→ Problem to work on
Work through the listing below and state how many of its lines hold the word "green". Give no other output.

Source data Block Start

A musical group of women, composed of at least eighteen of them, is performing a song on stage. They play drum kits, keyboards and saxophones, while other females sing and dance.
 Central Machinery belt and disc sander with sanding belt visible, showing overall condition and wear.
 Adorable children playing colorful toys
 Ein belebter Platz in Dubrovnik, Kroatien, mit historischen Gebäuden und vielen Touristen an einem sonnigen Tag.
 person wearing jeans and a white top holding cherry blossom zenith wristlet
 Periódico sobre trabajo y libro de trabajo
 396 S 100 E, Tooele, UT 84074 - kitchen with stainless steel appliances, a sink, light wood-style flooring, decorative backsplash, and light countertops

Source data Block End
Source data Block Start

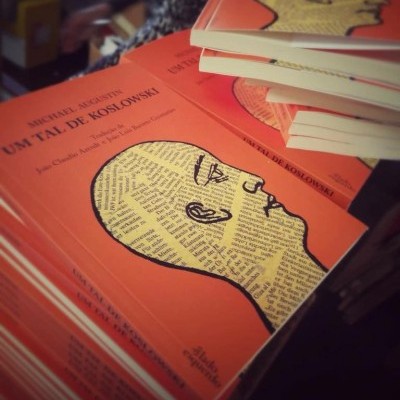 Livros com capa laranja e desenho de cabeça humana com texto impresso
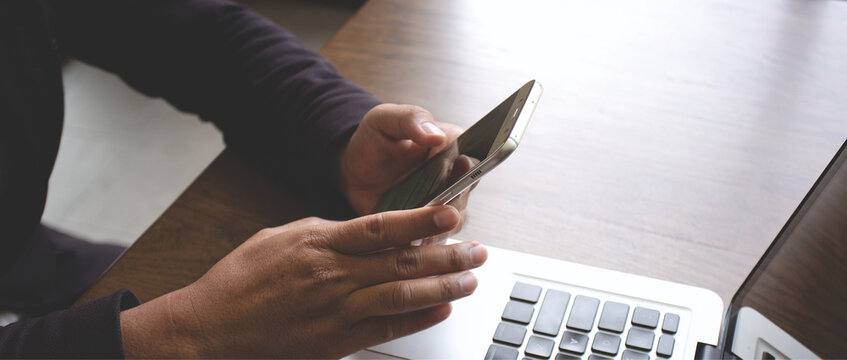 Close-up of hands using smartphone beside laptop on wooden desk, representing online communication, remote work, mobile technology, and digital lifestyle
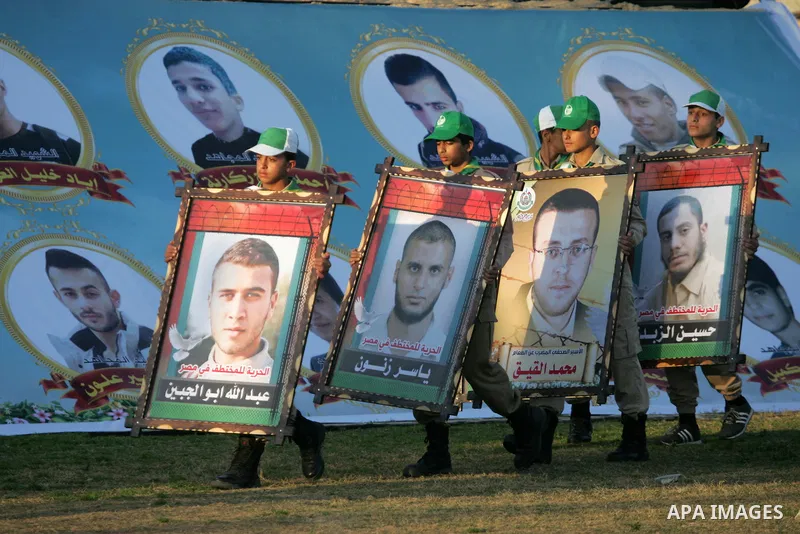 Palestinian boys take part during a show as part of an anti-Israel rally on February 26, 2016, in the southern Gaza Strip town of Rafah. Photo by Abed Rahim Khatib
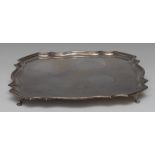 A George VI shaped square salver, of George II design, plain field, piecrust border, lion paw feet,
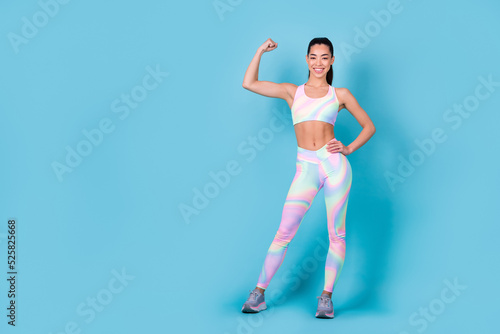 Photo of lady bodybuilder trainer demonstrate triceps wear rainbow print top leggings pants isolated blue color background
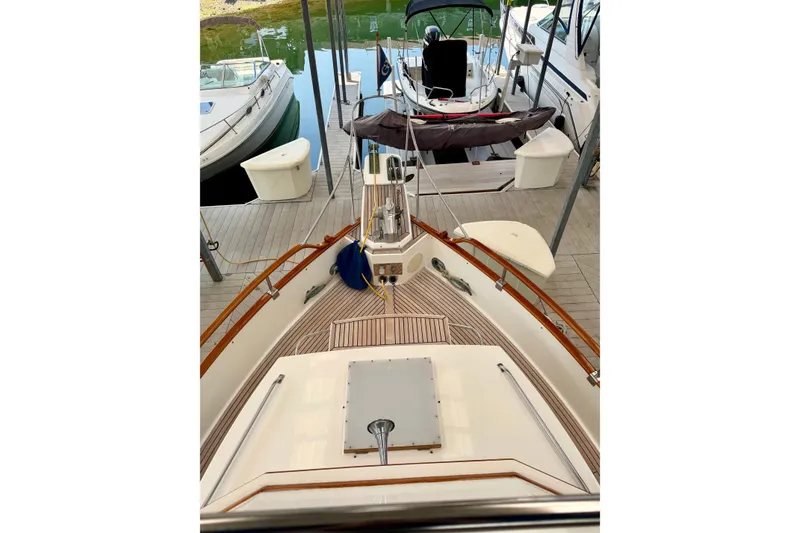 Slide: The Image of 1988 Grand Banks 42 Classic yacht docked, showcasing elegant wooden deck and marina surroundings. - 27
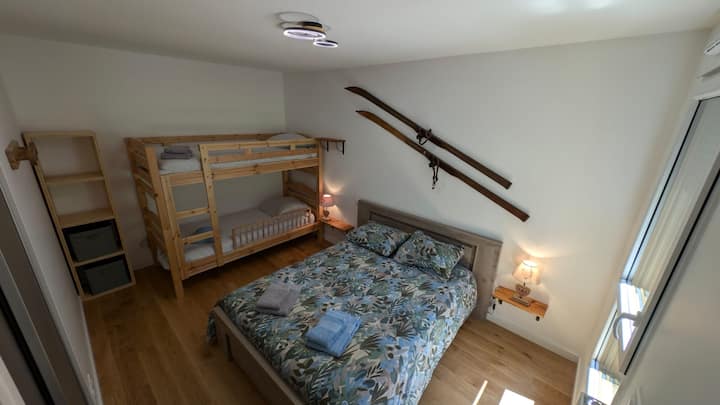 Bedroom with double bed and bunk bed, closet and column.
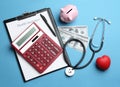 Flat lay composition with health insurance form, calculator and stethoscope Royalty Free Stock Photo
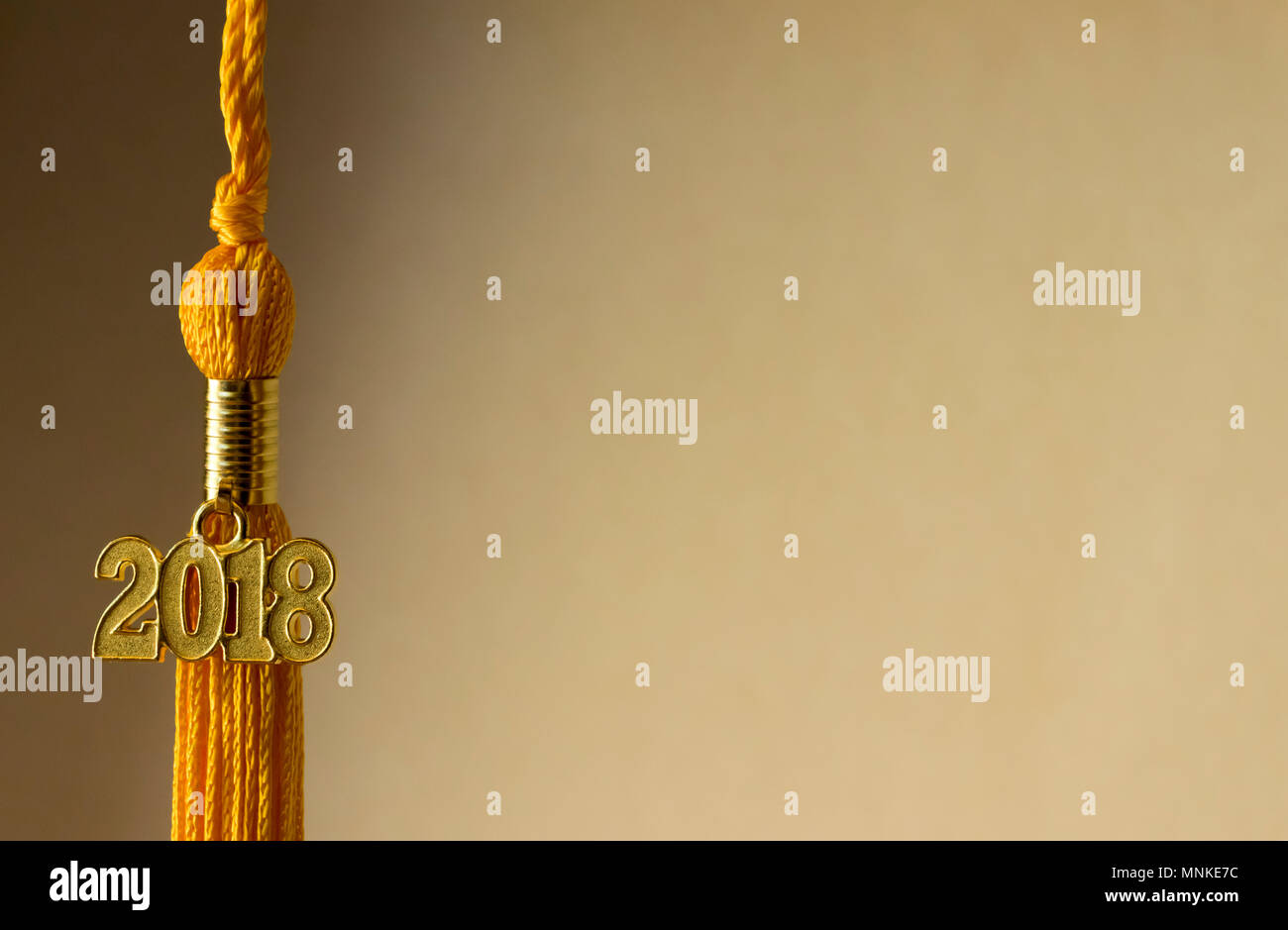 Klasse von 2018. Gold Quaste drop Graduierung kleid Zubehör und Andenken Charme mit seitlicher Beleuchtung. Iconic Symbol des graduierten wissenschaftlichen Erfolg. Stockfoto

Source data Block End
Source data Block Start

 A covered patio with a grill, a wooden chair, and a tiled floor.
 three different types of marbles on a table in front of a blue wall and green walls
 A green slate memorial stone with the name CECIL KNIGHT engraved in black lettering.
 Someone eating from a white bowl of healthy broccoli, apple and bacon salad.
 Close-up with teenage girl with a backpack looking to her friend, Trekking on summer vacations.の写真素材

Source data Block End

→ Written reply
2